It's been hard fitting in too many films these past eight days, what with the feast of football, but I've seen a few. This round-up features my first Eric Rohmer, my second viewing of The Other Guys and Jimmy Cagney at his considerable best.
Rendezvous in Paris (Eric Rohmer, 1995) – I try to see a fair mix of movies, but somehow I’d never gotten around to an Eric Rohmer. This was my first, and I thought it was wonderful: an epic outdoor walk-and-talkathon that resembles Before Sunrise and (more obviously) Before Sunset, as various youngish people stroll around the city's less celebrated landmarks and boulevards, espousing their views on love. Each of its three chapters seems low-key, almost incidental at first, before revealing hidden depths. And each is special in its own way. The first (and probably best) sees the excellent Clara Bellar negotiating relationships with a possible cheater, a possible thief and a sizeable coincidence; though as the screenplay insists, “coincidences do happen”. The second concerns an offbeat, adulterous affair played out across various day-long dates, as Serge Renko pleads repeatedly with Aurore Rauscher to leave her boyfriend, while the final chapter is a neat spin on the “live every moment” cliché, with artist Michael Kraft deciding to follow Bénédicte Loyen into and out of a gallery, only to not get quite what he bargained for. The film’s thoughts on life, liberty and the pursuit of women are genuinely original, clever and insightful, and there’s a lovely lightness to the director’s handling. I’m not a Parisian (sorry if this comes as a shock to any of you), but the film seems largely unique in appearing to capture something of the genuine nature and flavour of the city. Old Hollywood idealised it – that old-school presentation still informing films like Ratatouille, A Monster in Paris and Hugo – while later American films rendered it banal and flavourless. The French have had a fair crack, with Malle (Zazie dans le métro) and Delpy (Two Days in Paris) offering vivid, distinctive takes, while a gaggle of notable names provided vastly differing portraits in the occasionally successful portmanteau picture, Paris, je t’aime. But this film – with its endlessly tramping camera pulling you around Paris – brings a painter’s eye, a capricious, coquettish woman’s fancies and a hardened girl’s perspective to bear on the City of Light, creating something indelible and unforgettable from the everyday. (4)

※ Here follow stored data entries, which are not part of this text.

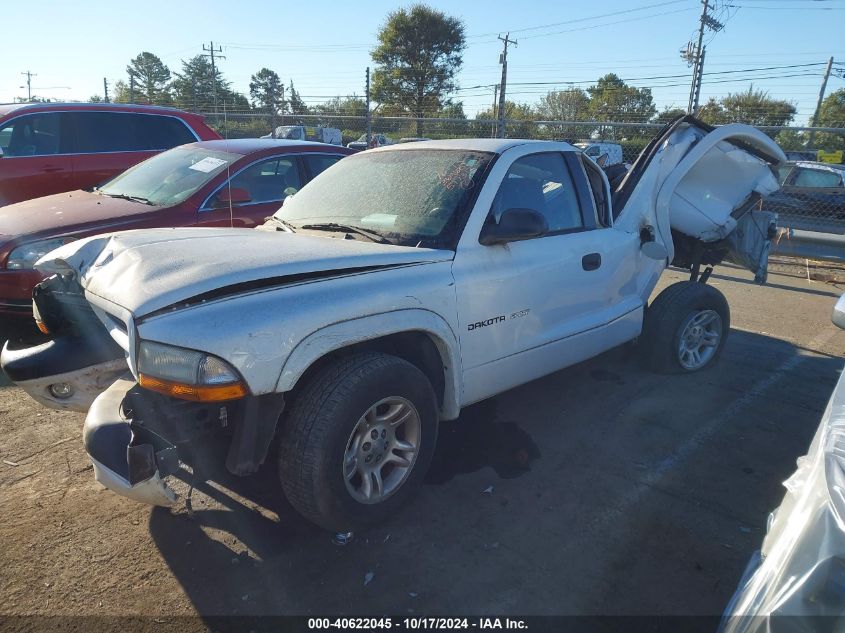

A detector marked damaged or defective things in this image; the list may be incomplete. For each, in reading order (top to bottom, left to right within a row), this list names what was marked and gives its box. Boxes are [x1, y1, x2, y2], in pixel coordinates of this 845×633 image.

damaged front bumper [85, 376, 181, 504]
severely damaged truck bed [3, 117, 788, 528]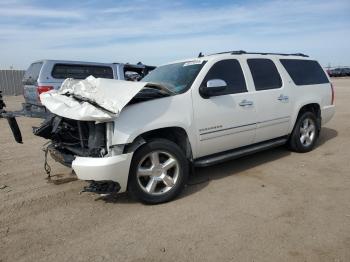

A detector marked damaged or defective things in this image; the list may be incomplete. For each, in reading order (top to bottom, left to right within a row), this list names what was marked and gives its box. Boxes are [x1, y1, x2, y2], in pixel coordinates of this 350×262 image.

shattered plastic piece [39, 75, 150, 121]
crumpled hood [39, 75, 165, 121]
damaged front end [34, 115, 108, 167]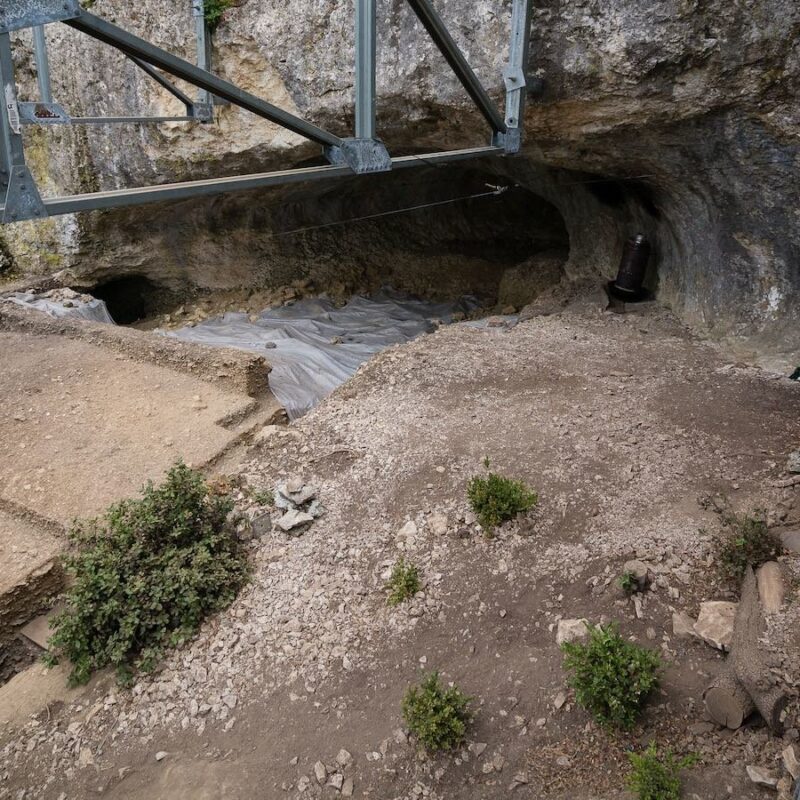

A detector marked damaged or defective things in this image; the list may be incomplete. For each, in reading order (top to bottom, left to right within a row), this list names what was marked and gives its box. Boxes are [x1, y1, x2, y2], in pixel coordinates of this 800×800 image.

rusty metal cylinder [612, 234, 648, 296]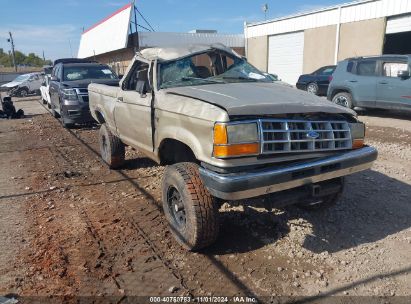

*SPOILERS AND A RUDE WORD*
The Other Guys (Adam McKay, 2010) - When L.A.'s iconic cop duo Danson and Highsmith (The Rock and Samuel L. Jackson) perish in a "head for the trees" 10-storey-jump calamity, it's up to Hoitz (Mark Wahlberg) and Gamble (Will Ferrell) to fill the void. Unfortunately, Hoitz is an office-trashing hothead haunted by his shooting of a sporting celebrity, and Gamble refuses to leave his desk, as he has some very important paperwork to do. The leads have superb chemistry, and Wahlberg is very funny playing it largely straight, but the film is dominated by Ferrell's brilliant performance. When people talk about his best work, they tend to plump for the dramatic roles, in Stranger Than Fiction - a Charlie Kaufman-esque slice of post-modern invention that begins panting a few miles from the finish - Everything Must Go and Woody Allen's Melinda and Melinda. But this is the one: a deft, dialled-down characterisation that creates some incredible comic moments (tuna vs lion, "To give me back my real gun?", the "desk pop") while giving him somewhere to go. Ferrell has generally spent too much of his career yelling, which is why making him a staid, sheltered, officious and easily offended administrator is such a masterstroke - and why his periodic explosions are so much funnier than usual ("I am going to make you eat a plate of human shit!"). The plot, in which an underused Steve Coogan engages in dodgy deals, honestly isn't developed enough to be described as "not very good" and the film flags a little in places before running out of steam at the end (stick around for the post-credits sequence, though, as it's amazing), but at its best it makes me laugh louder and harder than any film I've seen since Team America: "They found your red Prius trying to vote for Ralph Nader", "If you were with me, you wouldn't be here in this strip club, shaking it for dollar bills", "I saw how aggressive you were being, and I thought: 'Wow, I gotta go even bigger than that since we're doing 'bad cop, bad cop'" and - this incapacitated me for an entire minute last night - "We will have sex in your car - it will happen again". Amazing. (4)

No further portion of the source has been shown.